**WHAT THE TASK ASKS**
Out of the records below, copy all lines in which the word "light" occurs.

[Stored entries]
↓

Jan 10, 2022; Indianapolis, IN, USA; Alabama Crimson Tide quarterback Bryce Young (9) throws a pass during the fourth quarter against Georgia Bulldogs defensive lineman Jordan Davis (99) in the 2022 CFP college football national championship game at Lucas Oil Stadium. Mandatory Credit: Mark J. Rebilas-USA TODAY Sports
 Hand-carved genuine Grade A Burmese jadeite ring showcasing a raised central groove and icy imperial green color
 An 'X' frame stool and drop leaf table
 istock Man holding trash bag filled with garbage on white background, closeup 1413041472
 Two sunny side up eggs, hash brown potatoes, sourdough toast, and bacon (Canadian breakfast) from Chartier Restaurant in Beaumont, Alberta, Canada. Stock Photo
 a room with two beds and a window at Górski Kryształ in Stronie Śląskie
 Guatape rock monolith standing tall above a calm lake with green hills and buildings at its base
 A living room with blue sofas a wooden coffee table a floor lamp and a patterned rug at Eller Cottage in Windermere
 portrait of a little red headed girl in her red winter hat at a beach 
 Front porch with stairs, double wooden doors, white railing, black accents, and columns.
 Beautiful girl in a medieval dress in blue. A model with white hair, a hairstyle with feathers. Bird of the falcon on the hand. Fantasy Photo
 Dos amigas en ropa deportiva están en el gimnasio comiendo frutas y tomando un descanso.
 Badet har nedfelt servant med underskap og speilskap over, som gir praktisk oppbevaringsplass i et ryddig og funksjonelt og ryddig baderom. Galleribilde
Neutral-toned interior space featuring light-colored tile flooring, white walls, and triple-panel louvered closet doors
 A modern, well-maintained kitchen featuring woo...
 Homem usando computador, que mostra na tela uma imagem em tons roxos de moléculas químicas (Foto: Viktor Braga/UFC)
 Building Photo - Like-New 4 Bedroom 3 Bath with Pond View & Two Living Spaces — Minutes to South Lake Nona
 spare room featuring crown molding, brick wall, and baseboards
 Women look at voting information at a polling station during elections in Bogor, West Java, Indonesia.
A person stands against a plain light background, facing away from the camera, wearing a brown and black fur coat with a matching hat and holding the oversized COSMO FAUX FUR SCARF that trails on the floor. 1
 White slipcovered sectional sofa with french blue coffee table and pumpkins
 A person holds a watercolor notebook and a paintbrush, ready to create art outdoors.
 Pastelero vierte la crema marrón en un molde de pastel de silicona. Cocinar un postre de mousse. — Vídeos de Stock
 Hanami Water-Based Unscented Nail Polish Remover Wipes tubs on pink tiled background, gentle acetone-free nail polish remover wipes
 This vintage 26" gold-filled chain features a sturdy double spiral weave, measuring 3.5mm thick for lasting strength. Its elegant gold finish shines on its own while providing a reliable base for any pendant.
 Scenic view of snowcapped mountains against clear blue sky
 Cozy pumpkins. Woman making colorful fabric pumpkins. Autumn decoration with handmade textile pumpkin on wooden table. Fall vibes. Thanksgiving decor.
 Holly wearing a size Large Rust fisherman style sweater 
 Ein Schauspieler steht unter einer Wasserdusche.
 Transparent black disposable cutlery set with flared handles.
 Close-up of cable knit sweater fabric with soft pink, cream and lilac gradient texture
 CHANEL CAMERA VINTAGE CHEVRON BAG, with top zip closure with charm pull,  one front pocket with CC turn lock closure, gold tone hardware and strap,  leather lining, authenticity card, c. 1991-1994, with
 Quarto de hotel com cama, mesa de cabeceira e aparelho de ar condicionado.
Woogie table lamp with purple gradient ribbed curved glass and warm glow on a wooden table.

↑

**WRITTEN RESPONSE**
Neutral-toned interior space featuring light-colored tile flooring, white walls, and triple-panel louvered closet doors
A person stands against a plain light background, facing away from the camera, wearing a brown and black fur coat with a matching hat and holding the oversized COSMO FAUX FUR SCARF that trails on the floor. 1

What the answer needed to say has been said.